PMA treatment and DNA extraction

In Group P, saliva samples were centrifuged at 7000 rpm for 5 min, then the supernatant was discarded and the precipitate were rinsed with 1 ml PBS for once. A small amount of the sample was extracted and counted under microscope, then the sample was diluted with 1 × PBS to ensure that the concentration of bacteria was around 1 × 107–2 × 107/ml. 1.25 μl PMA solution (20 mM) was added to 500 μl diluted saliva sample, then the mixture was incubated for 5 min without light under intermittent oscillation and placed under a 650 W halogen lamp for 3 min with a distance of 6 cm away from the light source. The PMA-treated samples were centrifuged at 7000 rpm for 5 min and the supernatant was removed again, and the precipitate was rinsed with 1 ml PBS for once before genomic DNA extraction in terms of the research protocol by Sweet et al. [18].

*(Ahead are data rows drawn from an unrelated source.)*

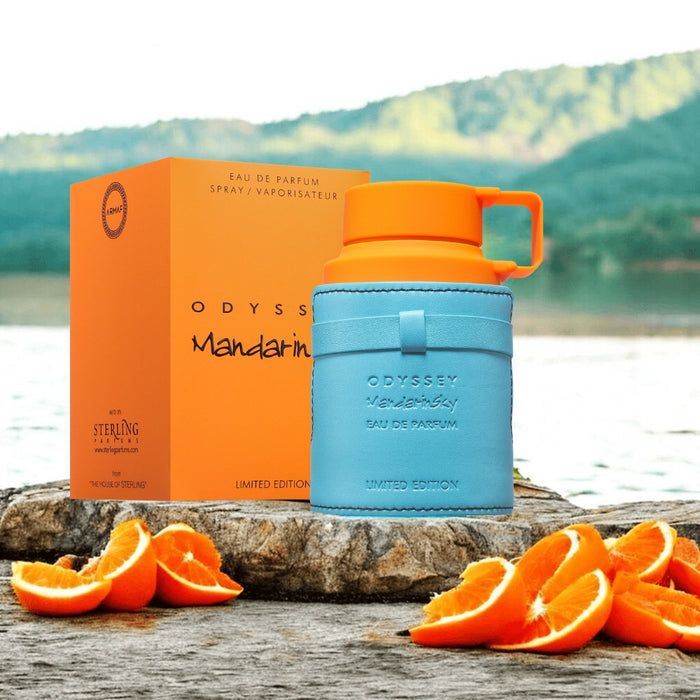 ODYSSEY MANDARIN SKY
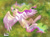 Size: 3444x2532 | Tagged: safe, artist:runningwolf-mirari, imported from derpibooru, princess celestia, blushing, female, on back, solo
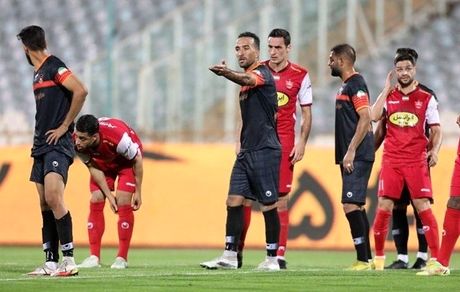 بیانیه باشگاه مس: امیدوارم داور مثل بازی رفت با پرسپولیس تحت تاثیر دربی نباشد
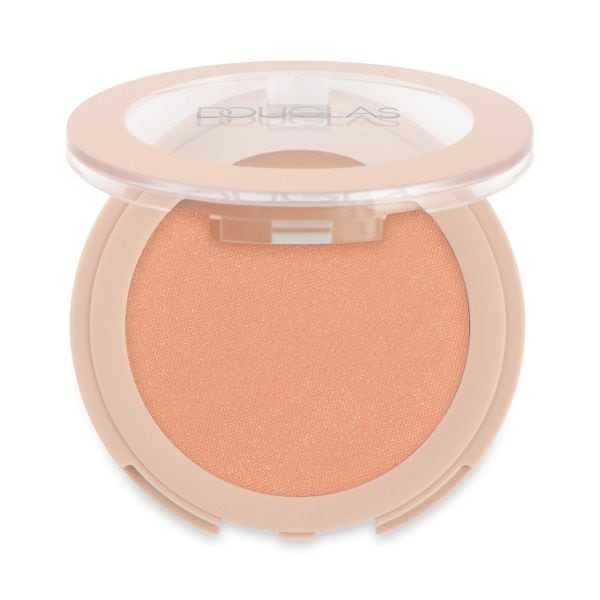 Douglas Make-up Longlasting Pretty Blush Frangipani Blush 1 Bucată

PCR amplification and sequencing

The sequence of the V3-V4 region of 16S rRNA was analysed by high-throughput sequencing. A two-step PCR amplification method was used to construct the library. The purified DNA was used as a template to be amplified by 16S rRNA V3-V4 region universal primer 357F (5′-ACTCCTACGGRAGGCAGCAG-3′) and 806R (5′-GGACTACHVGGGTWTCTAAT-3′) and detected via 1.2% agarose gel electrophoresis. The samples with good detection efficiency were recycled from the agarose gel electrophoresis, and 8 cycles of PCR amplification were carried out with the recovered product as a template. The sequences needed for Illumina platform sequencing was added to both ends of the target fragment. All the PCR products were recycled by AxyPrepDNA gel Recovery Kit (AXYGEN company) and quantified by FTC-3000TM Real-Time PCR. After the mole ratio was mixed, the library was constructed and sequenced on the Illumina platform.

The initial PCR mixtures contained 5× Buffer 10 μl, dNTP (10 mM) 1 μl, Phusion super fidelity DNA polymerase 1U, forward and reverse primers (10 mM) 1 μl, template DNA 20-50 ng, supplemental ultra-pure water to 50 μl. Thermal cycling consisted of an initial denaturation step at 94 °C for 2 min, followed by 24 cycles of denaturation 94 °C for 30 s, annealing at 56 °C for 30 s, and extension at 72 °C for 30 s, with a final extension step at 72 °C for 5 min. The secondary PCR mixtures contained 5× Buffer 8 μl, dNTP (10 mM) 1 μl, Phusion super fidelity DNA polymerase 0.8U, positive and reverse primers (10 mM) 1 μl, template DNA 5 μl, supplement ultra-pure water to 40 μl. Thermal cycling had similar procedures with the above, but the number of cycles were 8 and a heat preservation step at 10 °C was supplemented in the end.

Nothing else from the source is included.